### Assigned task:
Could you copy exactly the lines below from the one with "Diesel Diesel style" to the one with "SO2725 Розкішний вібратор", inclusive, leaving out any pictures?

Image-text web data
Content starts
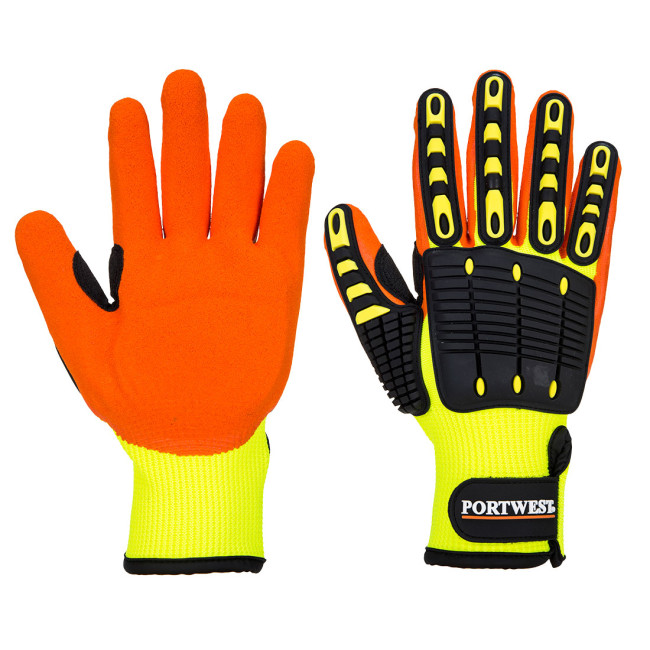 Anti Impact Grip handschoen A721 Geel/Oranje - Portwest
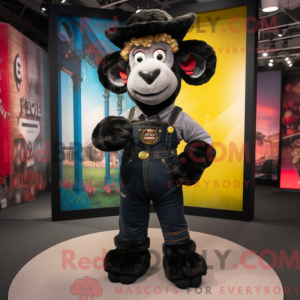 Black Ram mascottekostuum...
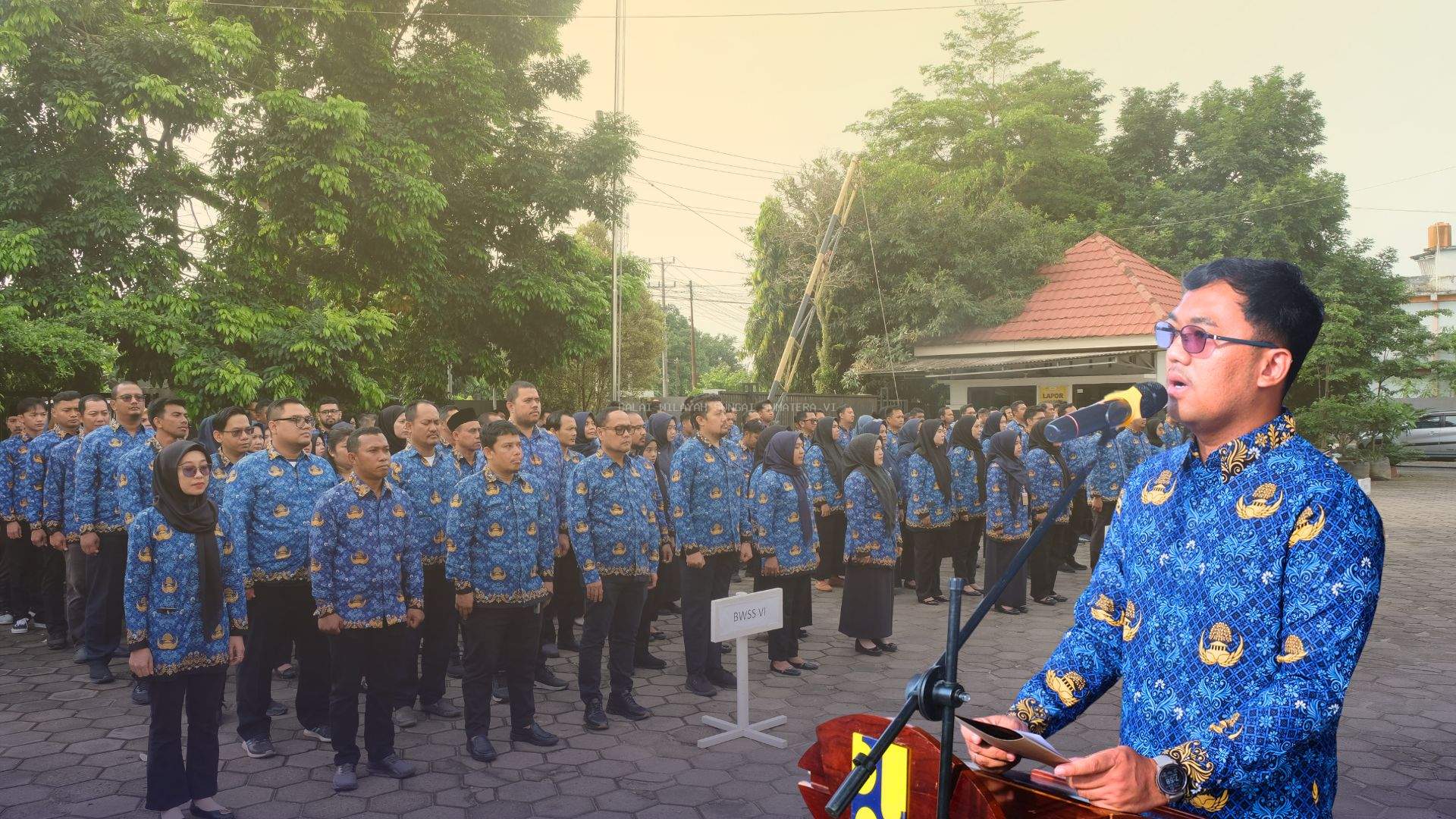 Upacara Peringatan Hari Ibu ke-96 di BWS Sumatera VI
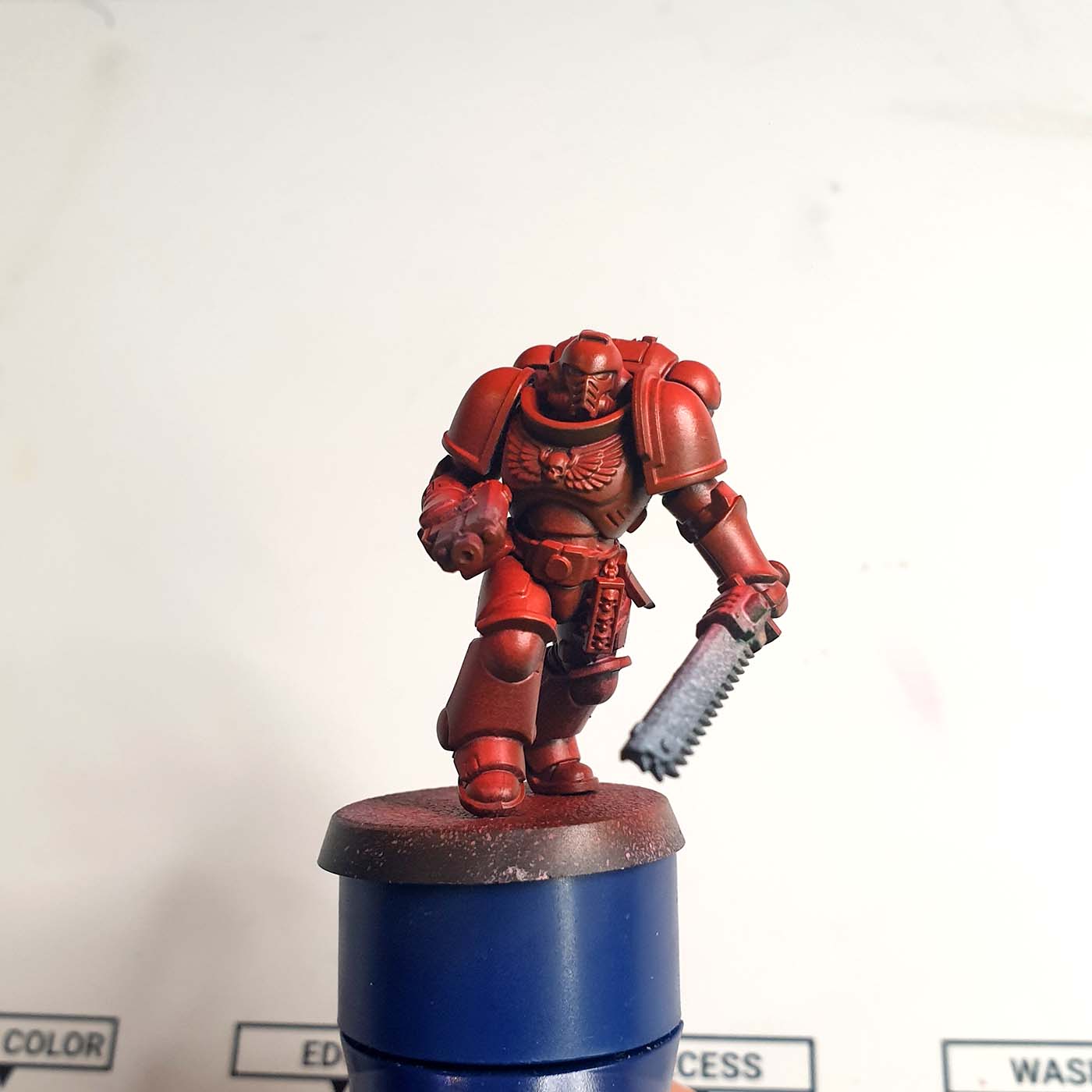 Miniature Machinations on Instagram: Blood Angels Space Marine Painting  Tutorial! For our next painting tutorial we decided to go with another  vibrant color scheme and this time we converted up an assault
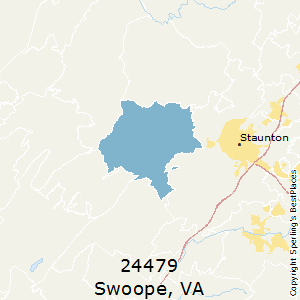 Swoope,Virginia County Map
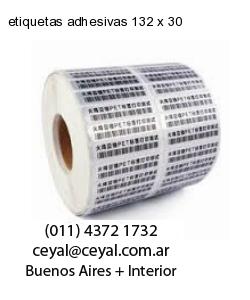 etiquetas adhesivas 132 x 30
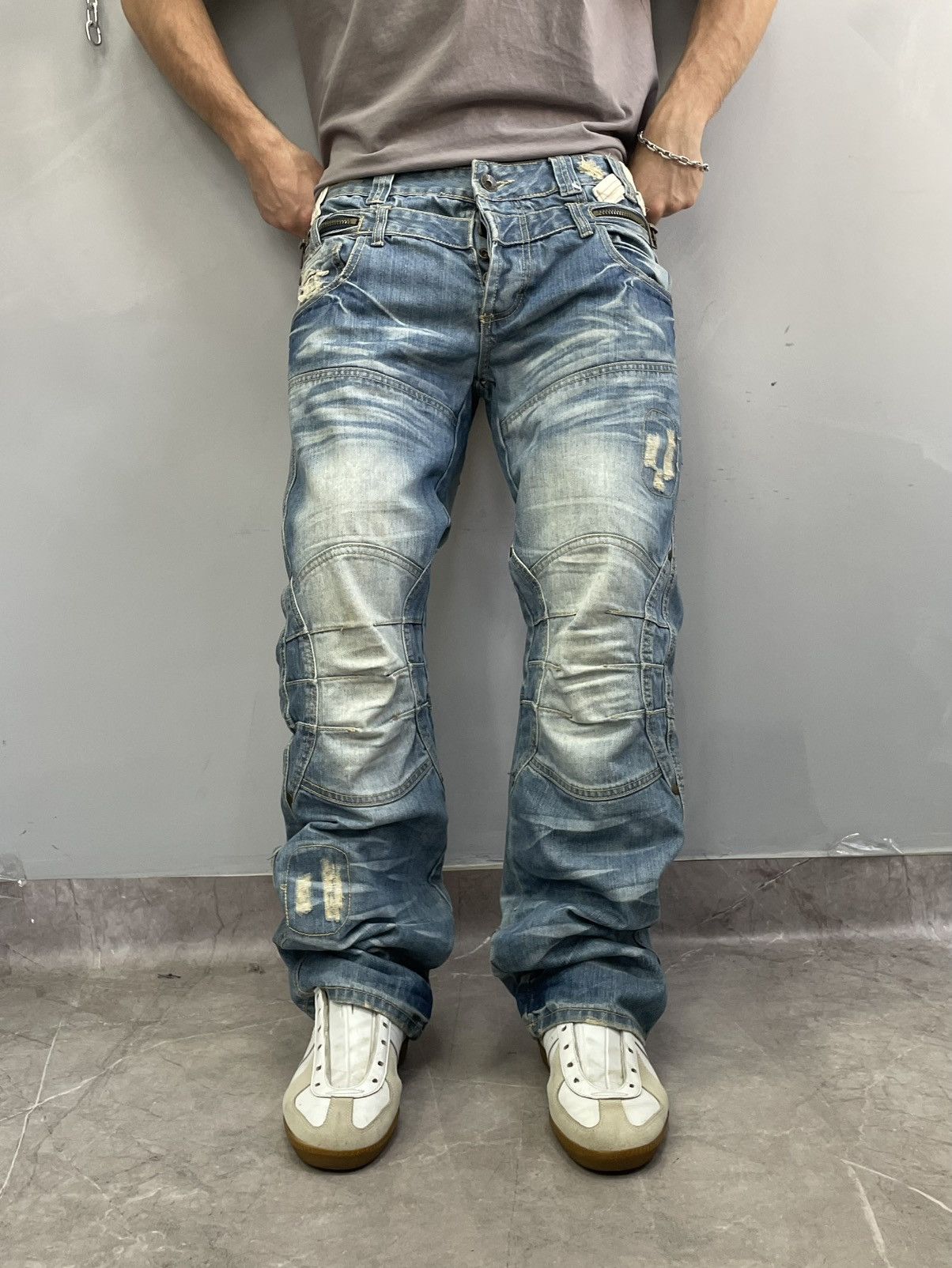 Diesel Diesel style distressed jeans rare y2k japanese Size US 32 / EU 48 - 2 Thumbnail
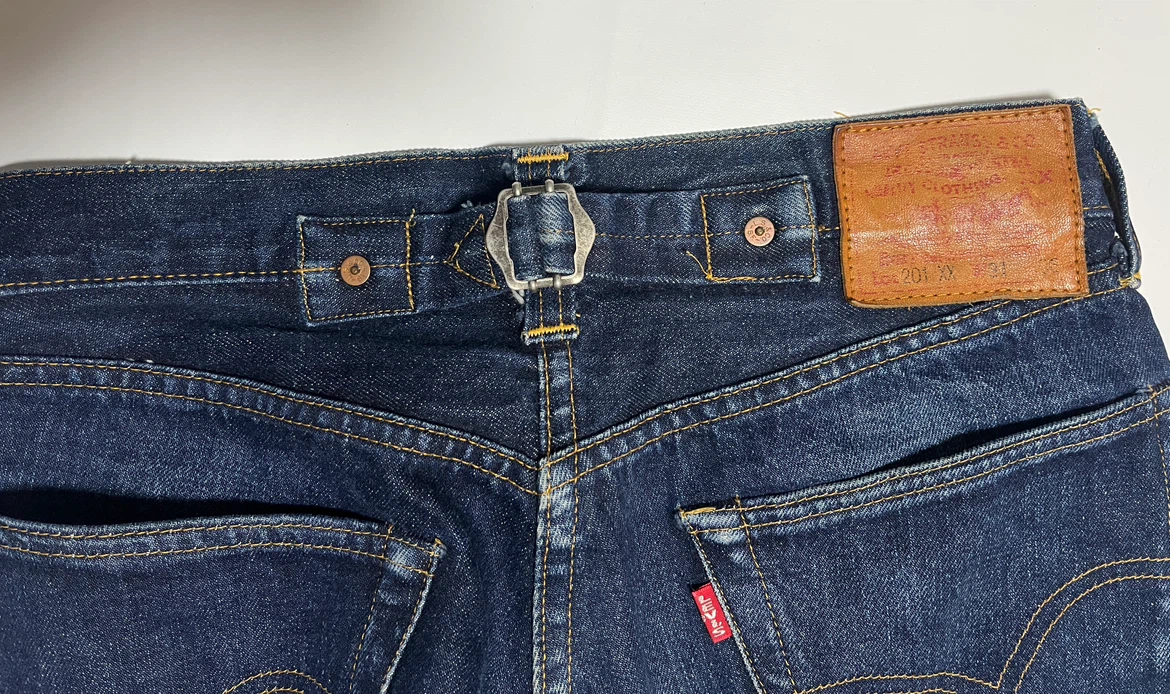 LEVI'S 201XX 555 バレンシアUSA製 BIGE W31 赤耳濃紺の写真4枚目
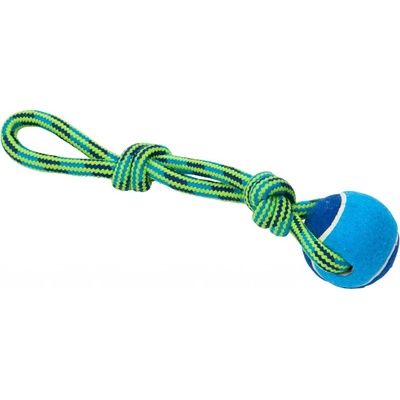Kruuse Jorgen Hračka pes Buster Smyčka s tenisákem modr/zelená 30 cm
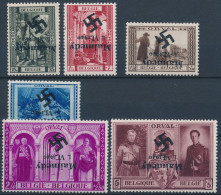 [** SUP] N° 513/18, Orval, La Série Complète - Surcharge Privée Renversée : "Malmedy 1. VI 1940" - Unused Stamps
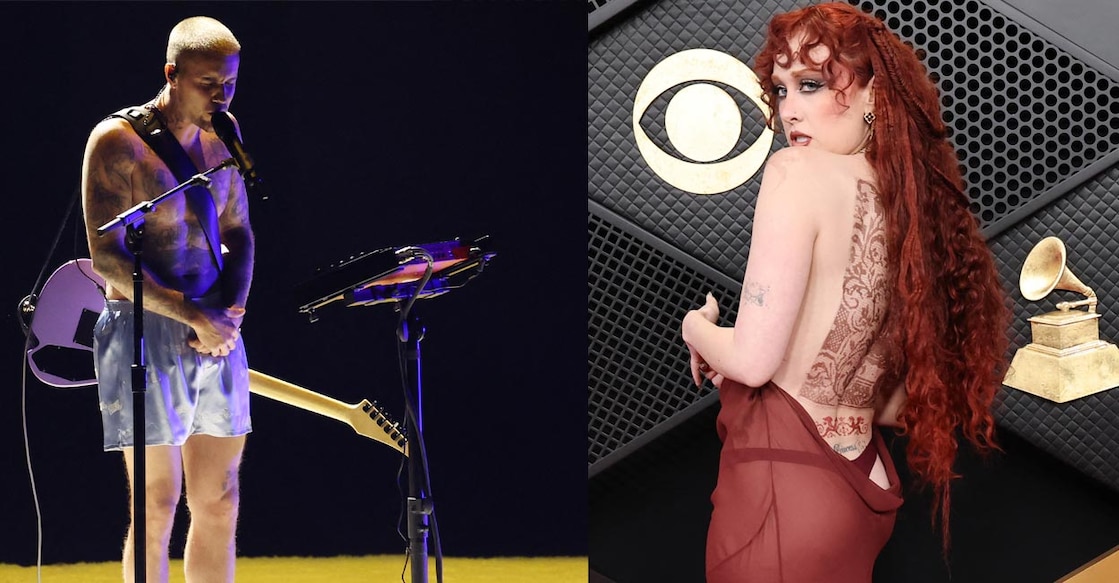 Justin Bieber and Chappel Roan. Photos: AFP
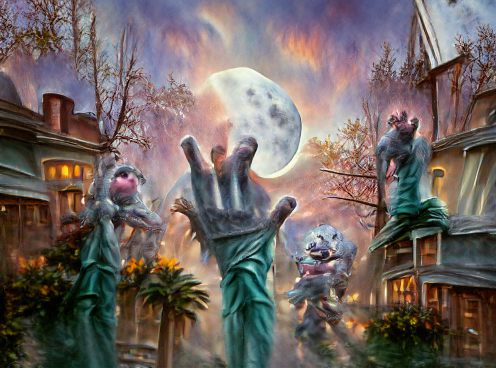 Hand & Moon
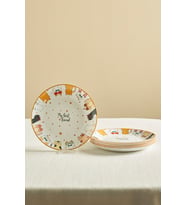 Cat Cake 6 Parça Opal Cam Pasta Seti 19 cm (Çok Renkli)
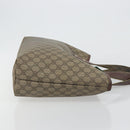 GUCCI GG Supreme Web Sherry Line Tote Bag PVC Beige Gold 211134 Auth 193984-4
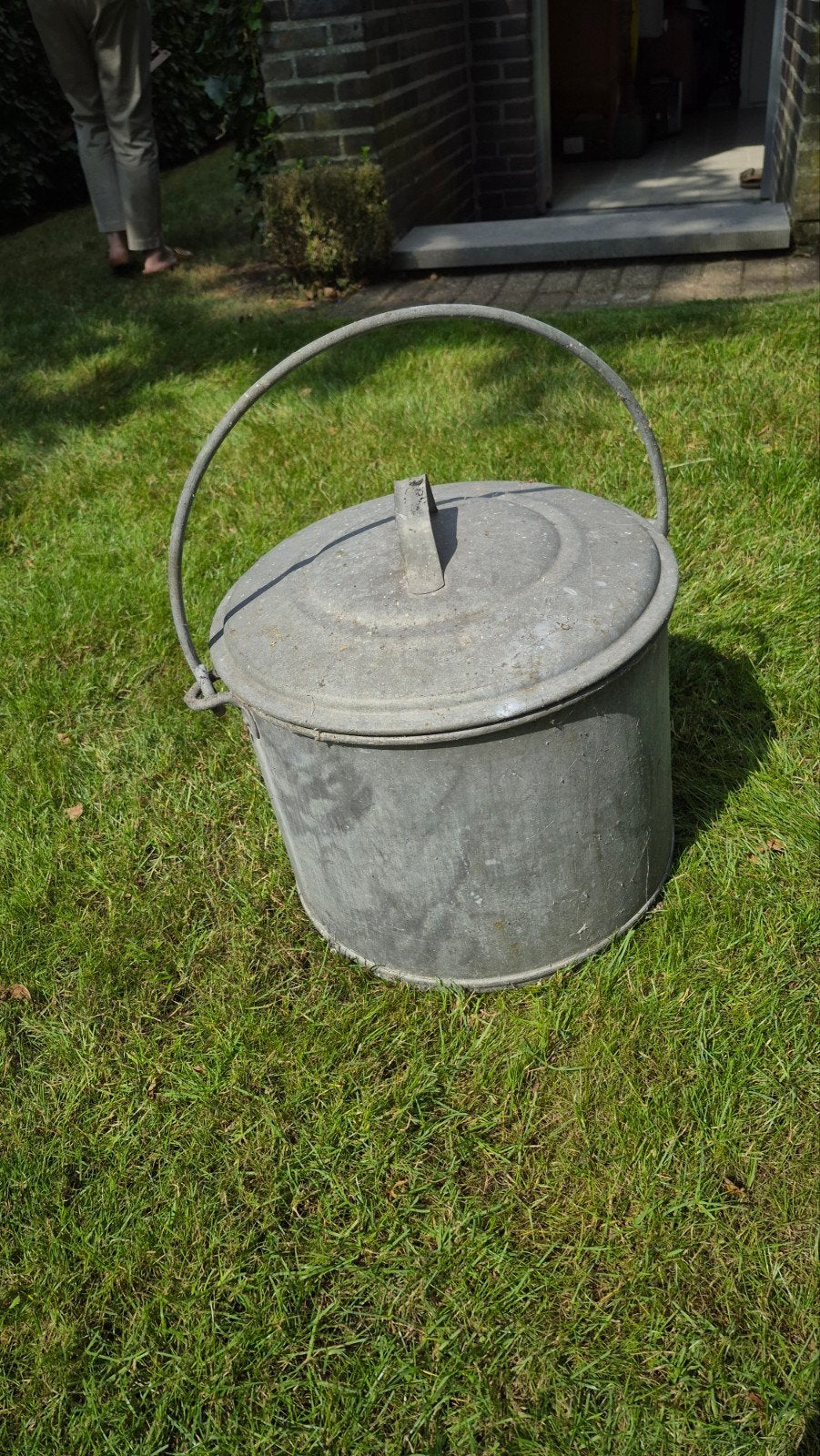 Chaudron a linge ancien/vintage, Divers, Lots de brocante, Enlèvement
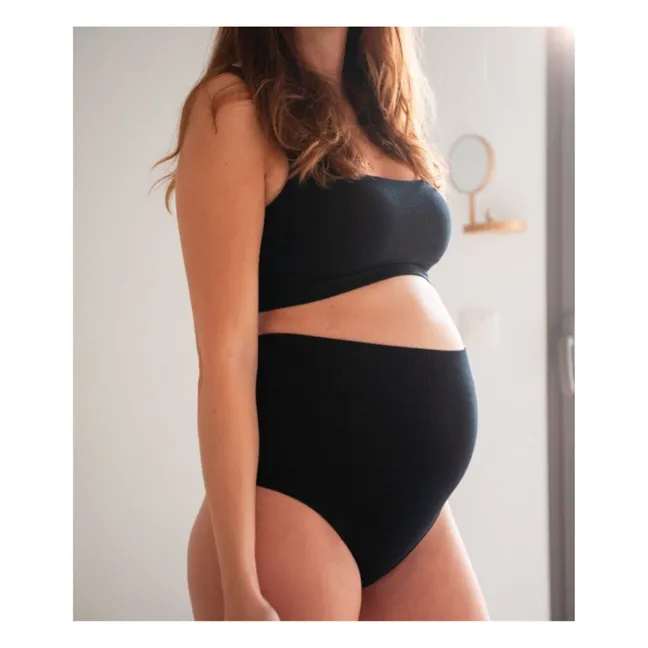 Slip de cintura alta Everyday | Negro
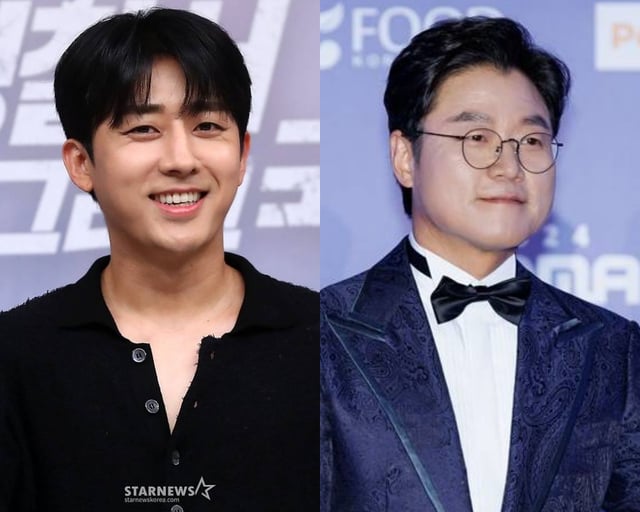 배우 손호준(왼쪽), 나영석 PD /사진=스타뉴스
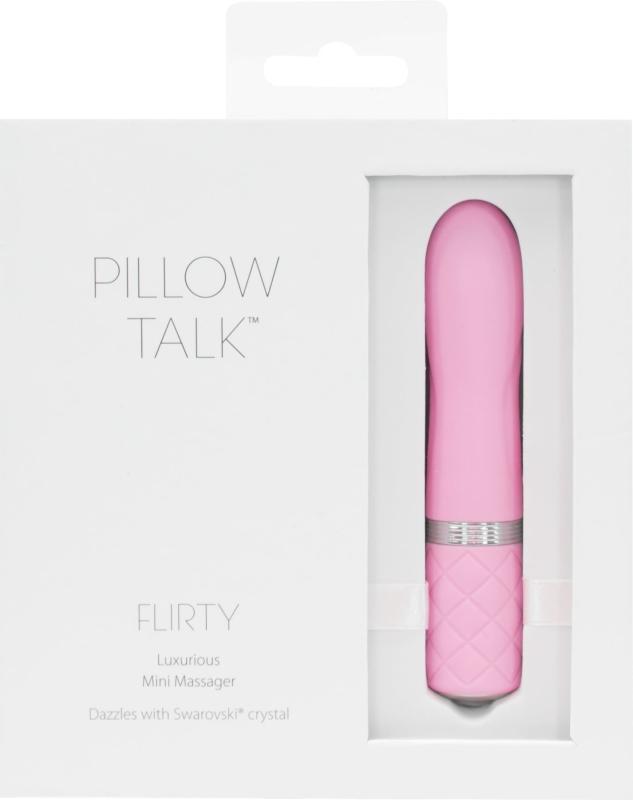 SO2725 Розкішний вібратор PILLOW TALK - Flirty Pink з кристалом Сваровські, гнучка голівка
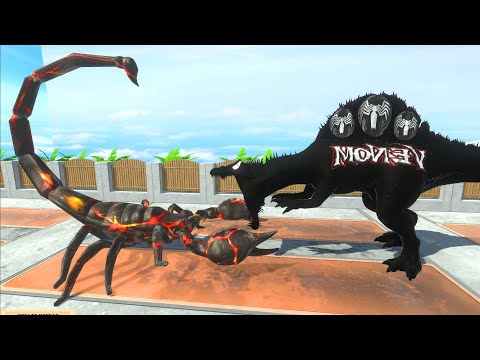 EMPEROR SCORPION vs VENOM SPINO DEATH CLIMB - Animal Revolt Battle Simulator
Content ends
### Solution for this problem:
 Diesel Diesel style distressed jeans rare y2k japanese Size US 32 / EU 48 - 2 Thumbnail
 LEVI'S 201XX 555 バレンシアUSA製 BIGE W31 赤耳濃紺の写真4枚目
Kruuse Jorgen Hračka pes Buster Smyčka s tenisákem modr/zelená 30 cm
 [** SUP] N° 513/18, Orval, La Série Complète - Surcharge Privée Renversée : "Malmedy 1. VI 1940" - Unused Stamps
 Justin Bieber and Chappel Roan. Photos: AFP
 Hand & Moon
 Cat Cake 6 Parça Opal Cam Pasta Seti 19 cm (Çok Renkli)
 GUCCI GG Supreme Web Sherry Line Tote Bag PVC Beige Gold 211134 Auth 193984-4
 Chaudron a linge ancien/vintage, Divers, Lots de brocante, Enlèvement
 Slip de cintura alta Everyday | Negro
 배우 손호준(왼쪽), 나영석 PD /사진=스타뉴스
 SO2725 Розкішний вібратор PILLOW TALK - Flirty Pink з кристалом Сваровські, гнучка голівка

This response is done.